══ DATA UNDER STUDY

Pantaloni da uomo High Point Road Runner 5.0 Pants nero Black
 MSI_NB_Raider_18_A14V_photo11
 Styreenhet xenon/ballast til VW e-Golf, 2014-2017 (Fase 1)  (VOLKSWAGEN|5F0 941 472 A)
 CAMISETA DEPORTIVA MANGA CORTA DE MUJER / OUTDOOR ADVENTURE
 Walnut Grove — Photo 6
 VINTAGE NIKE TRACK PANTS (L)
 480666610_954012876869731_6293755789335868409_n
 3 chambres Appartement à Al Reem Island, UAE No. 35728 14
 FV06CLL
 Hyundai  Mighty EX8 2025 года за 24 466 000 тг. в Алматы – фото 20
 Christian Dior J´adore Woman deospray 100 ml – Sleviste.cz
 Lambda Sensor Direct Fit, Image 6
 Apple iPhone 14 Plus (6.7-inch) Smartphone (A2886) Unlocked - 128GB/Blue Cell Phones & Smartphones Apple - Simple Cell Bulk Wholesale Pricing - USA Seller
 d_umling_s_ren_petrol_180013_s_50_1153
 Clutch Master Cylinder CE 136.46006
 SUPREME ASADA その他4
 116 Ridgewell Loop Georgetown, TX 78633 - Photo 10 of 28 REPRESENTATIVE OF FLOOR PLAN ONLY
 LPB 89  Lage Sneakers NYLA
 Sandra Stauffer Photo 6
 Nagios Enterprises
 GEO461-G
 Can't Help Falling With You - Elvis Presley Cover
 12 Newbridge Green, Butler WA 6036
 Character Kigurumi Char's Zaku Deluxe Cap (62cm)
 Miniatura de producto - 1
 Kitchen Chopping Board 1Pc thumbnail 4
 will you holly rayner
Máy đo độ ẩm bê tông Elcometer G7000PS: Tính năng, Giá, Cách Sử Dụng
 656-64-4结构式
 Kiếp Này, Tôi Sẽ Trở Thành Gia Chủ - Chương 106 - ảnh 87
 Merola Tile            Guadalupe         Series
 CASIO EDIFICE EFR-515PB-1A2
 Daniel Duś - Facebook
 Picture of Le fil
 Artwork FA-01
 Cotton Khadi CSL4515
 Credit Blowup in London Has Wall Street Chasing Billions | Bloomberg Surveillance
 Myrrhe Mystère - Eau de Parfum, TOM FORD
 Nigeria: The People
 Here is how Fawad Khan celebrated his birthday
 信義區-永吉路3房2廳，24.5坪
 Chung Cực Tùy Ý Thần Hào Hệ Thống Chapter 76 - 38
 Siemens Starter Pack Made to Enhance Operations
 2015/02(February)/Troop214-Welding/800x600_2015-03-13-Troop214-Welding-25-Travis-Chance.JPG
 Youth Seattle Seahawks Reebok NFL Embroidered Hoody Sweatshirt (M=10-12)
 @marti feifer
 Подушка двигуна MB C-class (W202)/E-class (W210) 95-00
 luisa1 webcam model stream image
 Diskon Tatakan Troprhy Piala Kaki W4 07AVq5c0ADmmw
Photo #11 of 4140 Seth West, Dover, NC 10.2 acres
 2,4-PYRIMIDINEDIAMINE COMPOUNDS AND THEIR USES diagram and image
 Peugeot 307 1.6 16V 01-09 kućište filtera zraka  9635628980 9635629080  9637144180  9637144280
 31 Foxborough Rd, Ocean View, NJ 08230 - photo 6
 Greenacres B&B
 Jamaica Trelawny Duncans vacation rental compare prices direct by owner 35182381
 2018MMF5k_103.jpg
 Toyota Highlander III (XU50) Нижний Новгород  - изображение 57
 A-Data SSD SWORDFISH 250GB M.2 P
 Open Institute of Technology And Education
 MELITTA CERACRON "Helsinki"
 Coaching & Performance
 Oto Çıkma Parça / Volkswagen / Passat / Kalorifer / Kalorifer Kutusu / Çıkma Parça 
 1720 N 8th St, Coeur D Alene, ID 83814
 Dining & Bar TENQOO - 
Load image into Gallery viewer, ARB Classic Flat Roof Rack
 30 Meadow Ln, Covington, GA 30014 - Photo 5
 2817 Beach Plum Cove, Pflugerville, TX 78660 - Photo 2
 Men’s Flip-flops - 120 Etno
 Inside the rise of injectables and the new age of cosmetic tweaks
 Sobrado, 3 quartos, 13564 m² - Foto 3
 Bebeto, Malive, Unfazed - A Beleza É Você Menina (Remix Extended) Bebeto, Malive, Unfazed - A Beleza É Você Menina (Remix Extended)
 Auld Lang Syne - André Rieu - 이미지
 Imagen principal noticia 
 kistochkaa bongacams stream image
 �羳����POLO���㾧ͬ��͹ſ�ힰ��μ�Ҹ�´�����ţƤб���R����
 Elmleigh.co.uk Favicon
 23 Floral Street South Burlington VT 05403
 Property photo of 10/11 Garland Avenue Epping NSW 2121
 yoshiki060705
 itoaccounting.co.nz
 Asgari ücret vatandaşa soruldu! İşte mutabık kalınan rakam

════

Give back all of the entries above, unchanged in every word.

- WRITTEN RESPONSE -
Pantaloni da uomo High Point Road Runner 5.0 Pants nero Black
 MSI_NB_Raider_18_A14V_photo11
 Styreenhet xenon/ballast til VW e-Golf, 2014-2017 (Fase 1)  (VOLKSWAGEN|5F0 941 472 A)
 CAMISETA DEPORTIVA MANGA CORTA DE MUJER / OUTDOOR ADVENTURE
 Walnut Grove — Photo 6
 VINTAGE NIKE TRACK PANTS (L)
 480666610_954012876869731_6293755789335868409_n
 3 chambres Appartement à Al Reem Island, UAE No. 35728 14
 FV06CLL
 Hyundai  Mighty EX8 2025 года за 24 466 000 тг. в Алматы – фото 20
 Christian Dior J´adore Woman deospray 100 ml – Sleviste.cz
 Lambda Sensor Direct Fit, Image 6
 Apple iPhone 14 Plus (6.7-inch) Smartphone (A2886) Unlocked - 128GB/Blue Cell Phones & Smartphones Apple - Simple Cell Bulk Wholesale Pricing - USA Seller
 d_umling_s_ren_petrol_180013_s_50_1153
 Clutch Master Cylinder CE 136.46006
 SUPREME ASADA その他4
 116 Ridgewell Loop Georgetown, TX 78633 - Photo 10 of 28 REPRESENTATIVE OF FLOOR PLAN ONLY
 LPB 89  Lage Sneakers NYLA
 Sandra Stauffer Photo 6
 Nagios Enterprises
 GEO461-G
 Can't Help Falling With You - Elvis Presley Cover
 12 Newbridge Green, Butler WA 6036
 Character Kigurumi Char's Zaku Deluxe Cap (62cm)
 Miniatura de producto - 1
 Kitchen Chopping Board 1Pc thumbnail 4
 will you holly rayner
Máy đo độ ẩm bê tông Elcometer G7000PS: Tính năng, Giá, Cách Sử Dụng
 656-64-4结构式
 Kiếp Này, Tôi Sẽ Trở Thành Gia Chủ - Chương 106 - ảnh 87
 Merola Tile            Guadalupe         Series
 CASIO EDIFICE EFR-515PB-1A2
 Daniel Duś - Facebook
 Picture of Le fil
 Artwork FA-01
 Cotton Khadi CSL4515
 Credit Blowup in London Has Wall Street Chasing Billions | Bloomberg Surveillance
 Myrrhe Mystère - Eau de Parfum, TOM FORD
 Nigeria: The People
 Here is how Fawad Khan celebrated his birthday
 信義區-永吉路3房2廳，24.5坪
 Chung Cực Tùy Ý Thần Hào Hệ Thống Chapter 76 - 38
 Siemens Starter Pack Made to Enhance Operations
 2015/02(February)/Troop214-Welding/800x600_2015-03-13-Troop214-Welding-25-Travis-Chance.JPG
 Youth Seattle Seahawks Reebok NFL Embroidered Hoody Sweatshirt (M=10-12)
 @marti feifer
 Подушка двигуна MB C-class (W202)/E-class (W210) 95-00
 luisa1 webcam model stream image
 Diskon Tatakan Troprhy Piala Kaki W4 07AVq5c0ADmmw
Photo #11 of 4140 Seth West, Dover, NC 10.2 acres
 2,4-PYRIMIDINEDIAMINE COMPOUNDS AND THEIR USES diagram and image
 Peugeot 307 1.6 16V 01-09 kućište filtera zraka  9635628980 9635629080  9637144180  9637144280
 31 Foxborough Rd, Ocean View, NJ 08230 - photo 6
 Greenacres B&B
 Jamaica Trelawny Duncans vacation rental compare prices direct by owner 35182381
 2018MMF5k_103.jpg
 Toyota Highlander III (XU50) Нижний Новгород  - изображение 57
 A-Data SSD SWORDFISH 250GB M.2 P
 Open Institute of Technology And Education
 MELITTA CERACRON "Helsinki"
 Coaching & Performance
 Oto Çıkma Parça / Volkswagen / Passat / Kalorifer / Kalorifer Kutusu / Çıkma Parça 
 1720 N 8th St, Coeur D Alene, ID 83814
 Dining & Bar TENQOO - 
Load image into Gallery viewer, ARB Classic Flat Roof Rack
 30 Meadow Ln, Covington, GA 30014 - Photo 5
 2817 Beach Plum Cove, Pflugerville, TX 78660 - Photo 2
 Men’s Flip-flops - 120 Etno
 Inside the rise of injectables and the new age of cosmetic tweaks
 Sobrado, 3 quartos, 13564 m² - Foto 3
 Bebeto, Malive, Unfazed - A Beleza É Você Menina (Remix Extended) Bebeto, Malive, Unfazed - A Beleza É Você Menina (Remix Extended)
 Auld Lang Syne - André Rieu - 이미지
 Imagen principal noticia 
 kistochkaa bongacams stream image
 �羳����POLO���㾧ͬ��͹ſ�ힰ��μ�Ҹ�´�����ţƤб���R����
 Elmleigh.co.uk Favicon
 23 Floral Street South Burlington VT 05403
 Property photo of 10/11 Garland Avenue Epping NSW 2121
 yoshiki060705
 itoaccounting.co.nz
 Asgari ücret vatandaşa soruldu! İşte mutabık kalınan rakam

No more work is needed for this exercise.